Even though price-to-income ratios suggest homes today are slightly more affordable relative to earnings (6.9 years vs 7.9 years in 1966), the required income to qualify for a mortgage today is far higher. And that's because of interest rates.

A 60-year view of salaries, interest rates, and the cost of a home shows why houses are less affordable now than they were for granddad.

Image: ChatGPT

Rate hold doesn't help

Thursday's decision by the South African Reserve Bank to keep the prime lending rate unchanged at 10.25% will not make it any easier for young first-time buyers to own property.

Samuel Seeff, chairman of the Seeff Property Group, calls Thursday's decision "hugely disappointing and a massive, missed opportunity". He says that the Reserve Bank had the "breathing room" to cut.

Bradd Bendall, BetterBond's national head of sales says "expectations were high that the South African Reserve Bank would start the year with more good news for consumers".

Investec chief economist Annabel Bishop noted ahead of the announcement that financial markets had priced in a 44% probability of a 0.25 percentage point cut occurring in the repo rate. While this was still below a 50% likelihood, it was up from only a 20% probability a week ago, she said.

Bishop has previously said that two cuts of 0.25 percentage points – one in March and another in September – are possible. The Monetary Policy Committee meets again in March.

Dr Elna Moolman, Standard Bank Group head of South Africa Macroeconomic Research, says that the bank's decision to hold rates steady seems to reflect its ongoing concerns around some of the forecast risks, including from the global economy.

SARB's model has scope for another 0.75 percentage points worth of cuts in 2026 and 2027, which Moolman says could happen sooner if inflationary pressures remain at bay and the rand remains stronger.

Market reaction mixed

Not everyone was disappointed. Adriaan Grove, founder and MD at MyProperty, says keeping the lending rate unchanged provides "homeowners with much-needed predictability for their monthly budgets".

Grove says, for those looking to enter the market, "this period of stability represents a strategic sweet spot". He says that with prime holding at 10.25%, borrowing is more attractive than in previous years, making homeownership more attainable for a wider segment of the population.

The South African Reserve Bank has already reduced interest rates by a total of 150 basis points since September 2024. These cuts have helped create a more accommodative lending environment, and BetterBond's January data shows that home loan applications are up 8.9% year-on-year.

While the lower rate has eased consumer debt slightly and improved property affordability and sales, Seeff says overall sales volumes remain well below where they should be.

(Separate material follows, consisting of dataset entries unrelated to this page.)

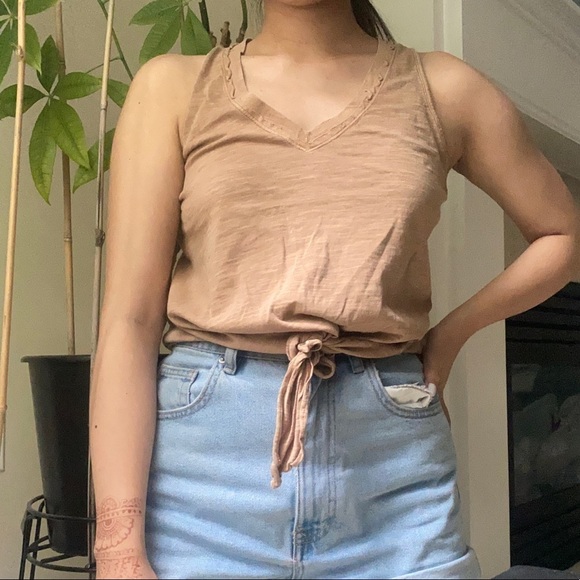 FROM PALMER Brown Tie Front Vneck Tank Top - Picture 8 of 8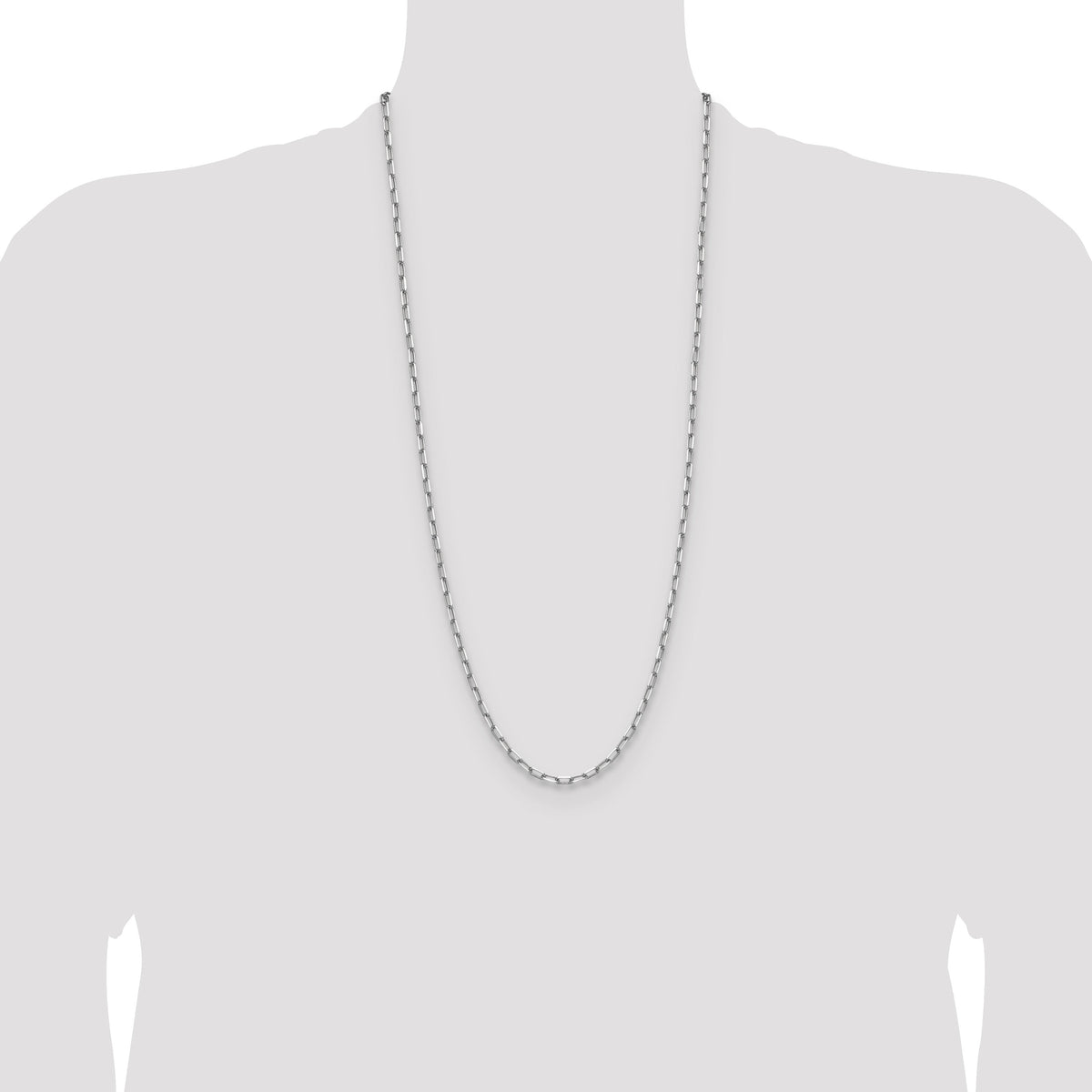14k White Gold 3.5mm Solid Beveled Paperclip Chain-PEN344W-30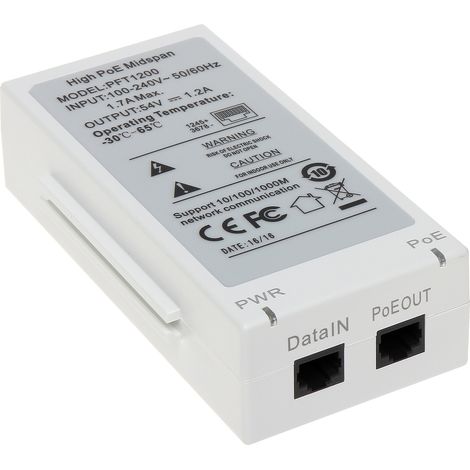 Dahua PFT1200 Injecteur Hi-PoE Noir pour Vidéosurveillance (1/2)
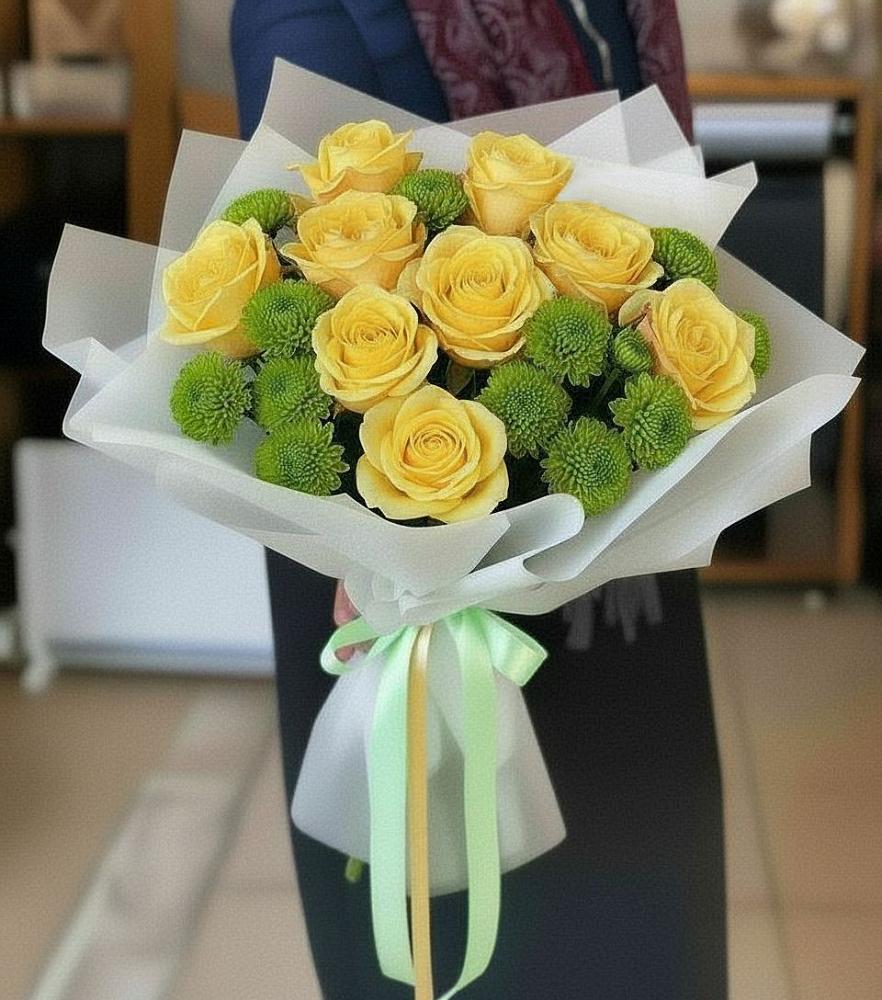 Букет цветов из: Хризантемы и Розы в Куликово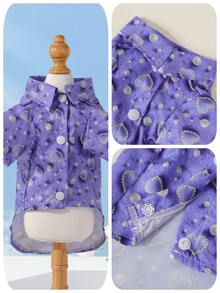 1件宠物狗浪漫时尚可爱服装，5D定制印花/浪漫情人节/柔软舒适/撞色爱心印花/节日氛围/短袖设计，适合小型犬/幼犬，适合派对、日常穿着、多种场合，春/夏/秋季 - 紫色 - 查看 7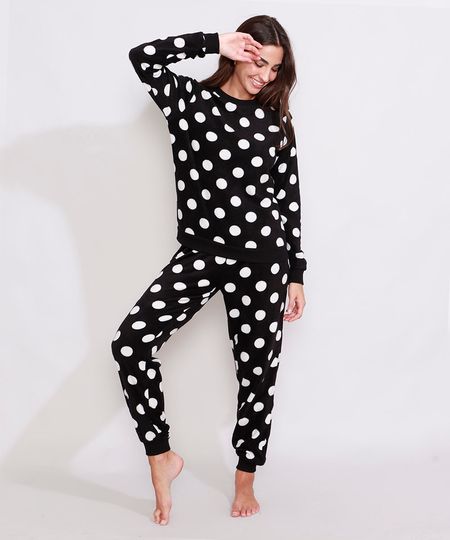 Pijama-de-Fleece-Feminino-Manga-Longa-Estampado-de-Poa-Preto-9974704-Preto_1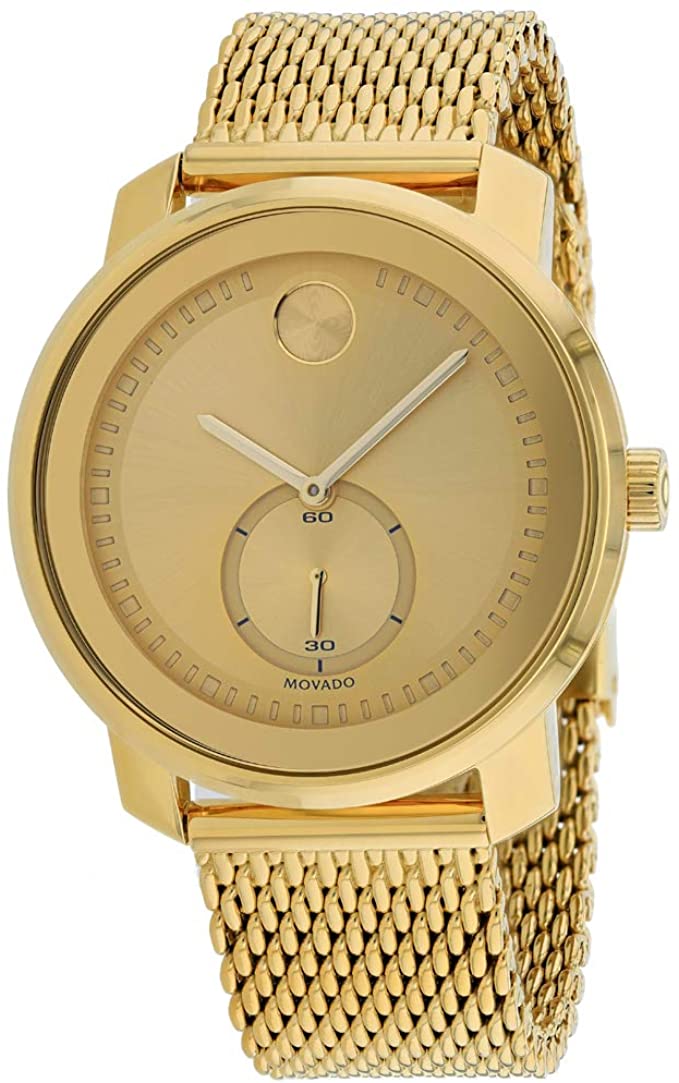 Movado Bold Gold-Tone Mesh Mens Watch 3600678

Compared to 2021, transaction volumes are effectively still trading 26.5% lower, its figures show.

Deposits and demographics

BetterBond's January Property Brief indicates that the average house price paid by first-time buyers reached a new record high of just above R1.3 million. This compares with an average price of R1.44 million according to bond originator ooba.

At the same time, there has been a downward trend in the average deposit requirements for first-time buyers according to BetterBond. This figure came in at R150 000 in the fourth quarter of last year, a 5.6% drop on the prior three months and a 15% year-on-year decline.

However, commenting in BetterBond's property brief, independent economist Dr Roelof Botha notes that while the decline is welcome, "it remains a point of concern to prospective homebuyers that the average deposit requirement for first-time buyers remains 30% higher than at the beginning of 2021, despite a relatively low ratio of bank impairments to bank assets".

Homebuying is also happening much later today than in the Boomer era. Historical data indicates the average first-time buyer in the 1960s was in their early to mid-20s – around 23 to 25 years old – significantly younger than the typical first-time buyer today.

By contrast, today's first-time buyers are significantly older, with the median age at around 38 to 40 years (2024 to 2025 data). This reflects a shift in affordability pressures and financial circumstances for younger generations.